Top of Supplied data

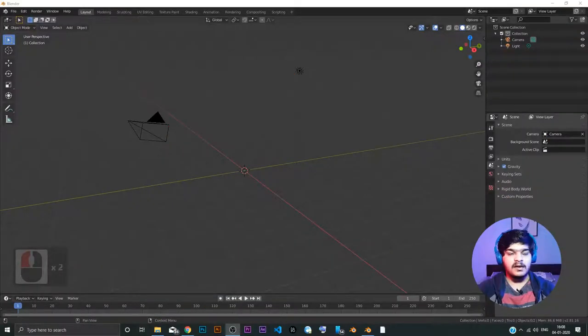Hey everyone, I am Samyak Agarkar and welcome to Agarkar Media Academy. This is the fourth tutorial in the Blender 2.81 tutorial series. In the last tutorial, we saw adding and deleting objects inside of Blender. So in this tutorial, we are going to move forward with more functionalities inside of Blender.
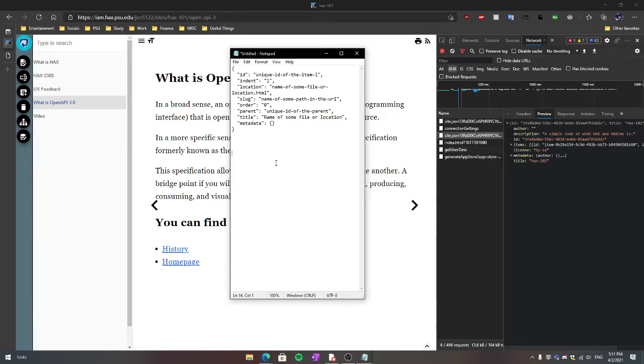Hello and welcome back. This is UIX Kinguin, and today I want to talk to you guys about headless development, also known as decoupled development.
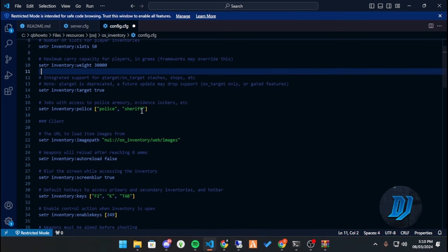One thing I forgot — remove qb-target. Let's remove qb-target quickly.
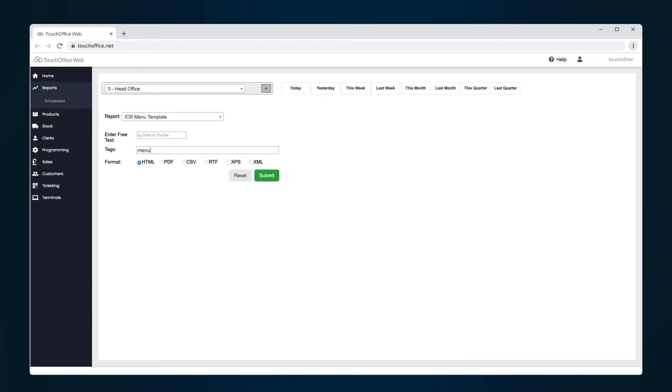In the Tags field, type your chosen tags. For example, Menu or Starter, depending on how you previously tagged your products. Once you're done, select the PDF option and click Submit.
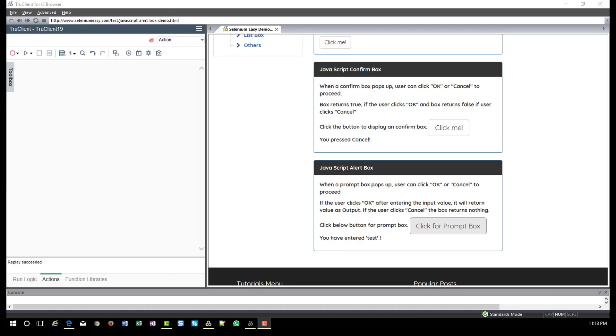Hi, friends. In this video, we are going to see how to handle dialog box, alert box, message box, and authentication box in TrueClient for web protocol.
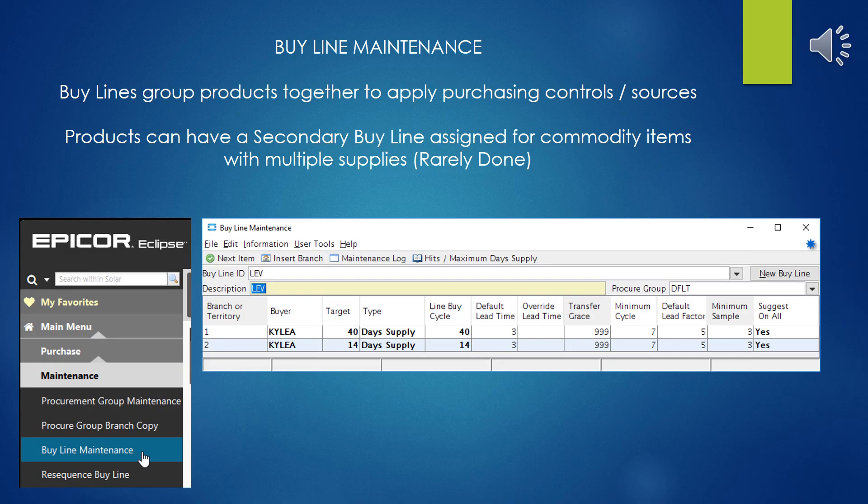Buy Lines group products together to apply purchasing controls and the sources that you're buying the products from. Products can also have a secondary buy line. This would be assigned for commodity items where you might have multiple and irregular suppliers. This is not done very often, but it's a function that's in there.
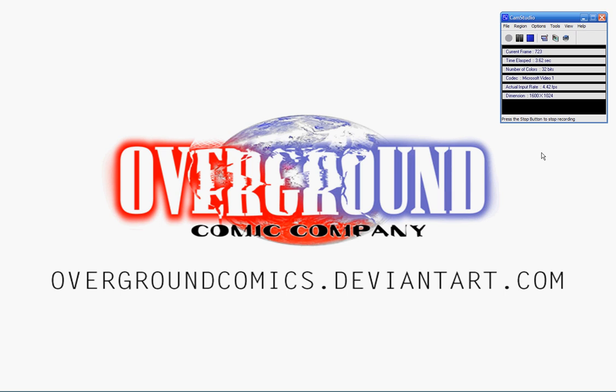All right folks, how's it going today? I want to welcome you to another tutorial on coloring comic books by the Overground Comic Company. You can find us at overgroundcomics.deviantart.com, where you can find the Overground Collective, a gathering of artists working towards bettering themselves to become a part of the comic book industry.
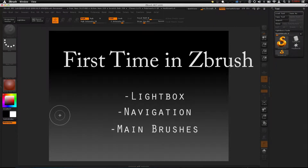Your first time in ZBrush. Topics covered: Lightbox, navigation, and some main brushes. This video is for users brand new to ZBrush. Instead of getting intimidated by ZBrush, let's forget about all the complexity that comes with the UI and just learn the essentials — the essentials for creating a sculpt.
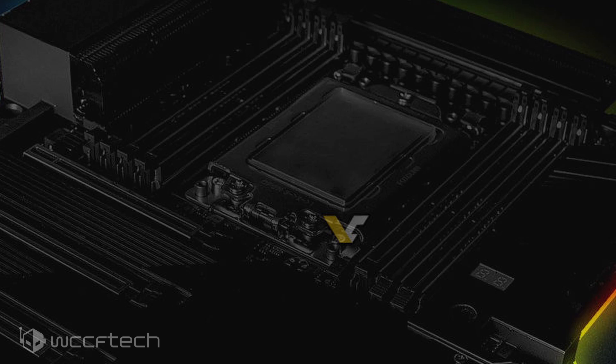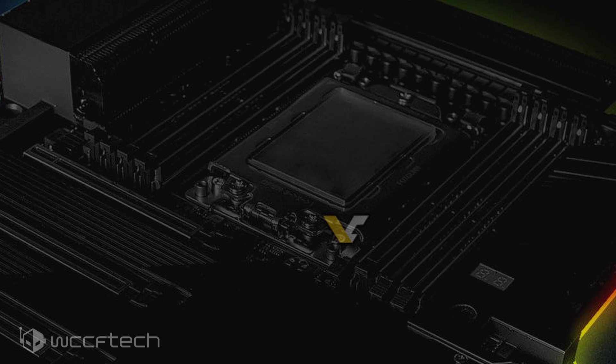The VRMs also look pretty decent from what looks to be a 12 phase design, but there could be more. The heatsink cover on the left also has a heat pipe running through it, and the same heat pipe runs through all four heatsinks and ends up in the main chipset heatsink, which would require active cooling just like X570 thanks to the upgraded chipset that supports PCIe Gen 4.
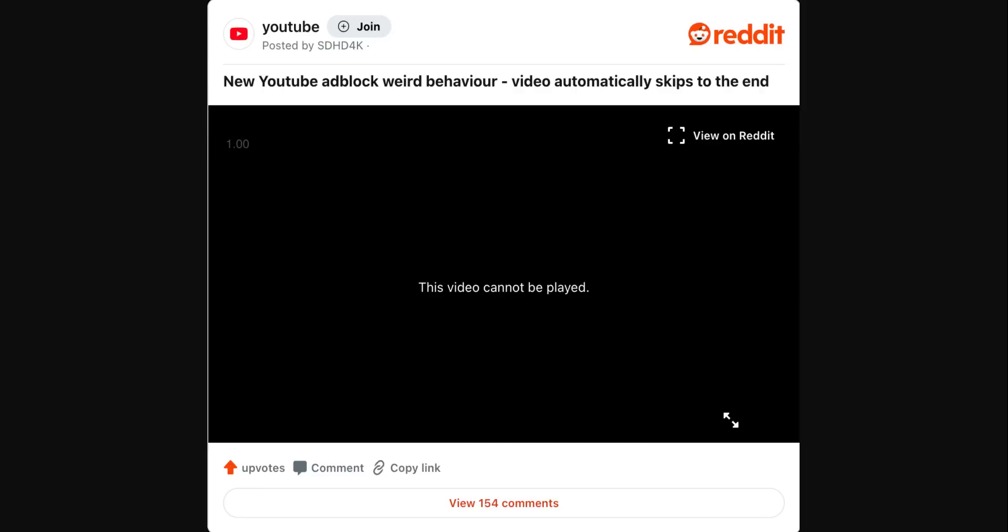Earlier this year, a bug in ad block caused videos to slowly load and also put undue stress on the machine running YouTube. When that issue popped up, many accused YouTube of being the cause.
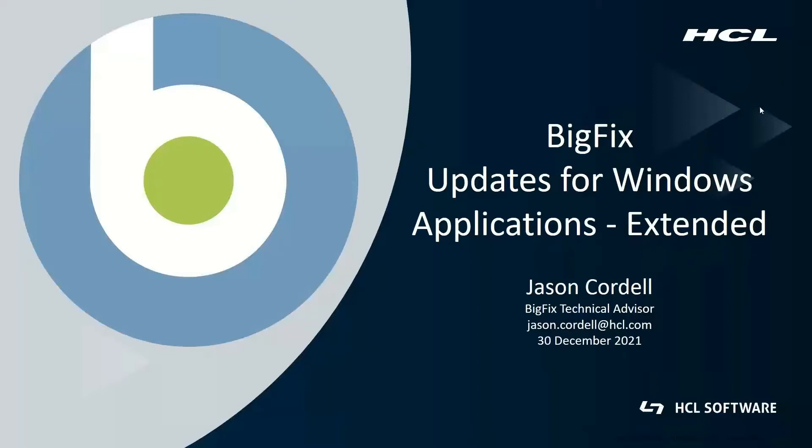Hi, this is Jason Cordell, BigFix Technical Advisor with Team BigFix. I wanted to cap off the end of the year by talking about yet another enhancement to the tools. It's been a huge year for growth within the tools and functionality.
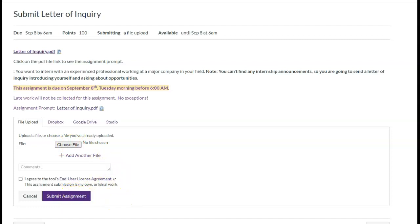Please note that both these assignments are due on September 8th, Tuesday morning before 6am. Make sure you submit your work on time. Email me if you have any questions.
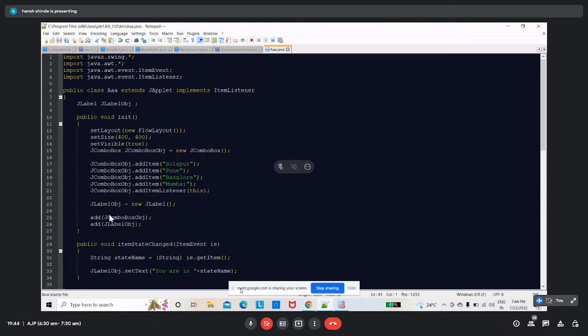A label is created — one blank label is created. This combo box and the label are added on the applet window. Then inside itemStateChanged, when a particular option is selected from the JComboBox, that option is converted into a string.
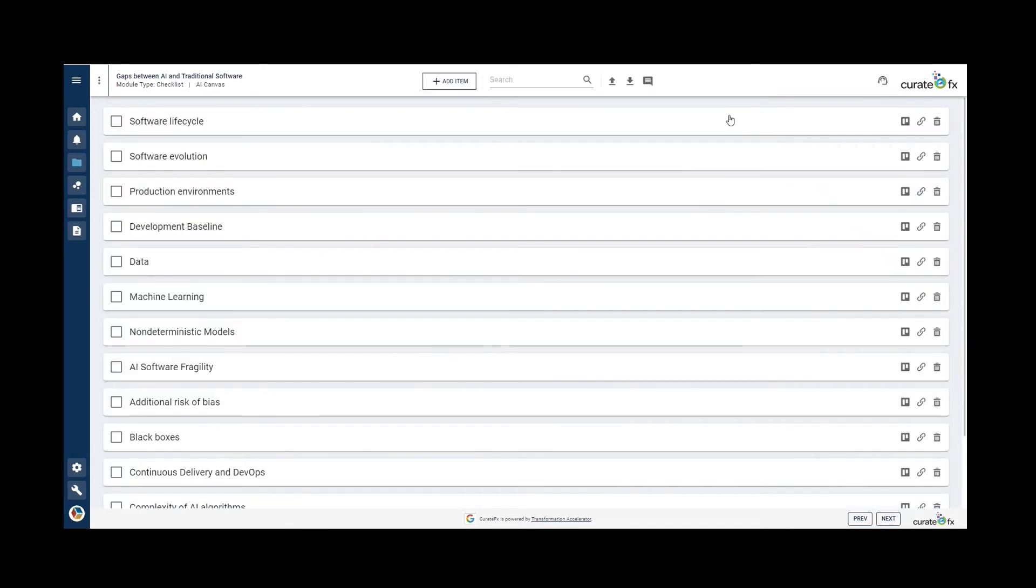Next, we have the gaps between AI and traditional software. This template allows you to identify the relevant gaps between the traditional projects in the use case specific context.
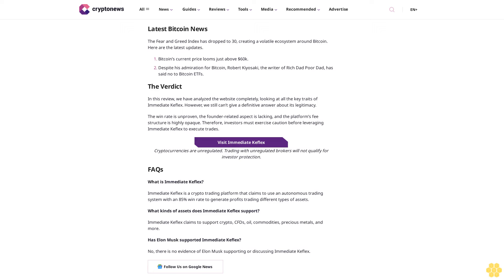FAQs. What is Immediate Keflex? Immediate Keflex is a crypto trading platform that claims to use an autonomous trading system with an 85% win rate to generate profits trading different types of assets. What kinds of assets does Immediate Keflex support? Immediate Keflex claims to support crypto, CFD, oil, commodities, precious metals, and more. Has Elon Musk supported Immediate Keflex? No, there is no evidence of Elon Musk supporting or discussing Immediate Keflex. Follow us on Google News.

Bottom of Supplied data

What is needed:
What is needed is a word-for-word copy of the lines from the start of the data to the line with "One thing I", inclusive, with no pictures in it.

Task result:
Hey everyone, I am Samyak Agarkar and welcome to Agarkar Media Academy. This is the fourth tutorial in the Blender 2.81 tutorial series. In the last tutorial, we saw adding and deleting objects inside of Blender. So in this tutorial, we are going to move forward with more functionalities inside of Blender.
Hello and welcome back. This is UIX Kinguin, and today I want to talk to you guys about headless development, also known as decoupled development.
One thing I forgot — remove qb-target. Let's remove qb-target quickly.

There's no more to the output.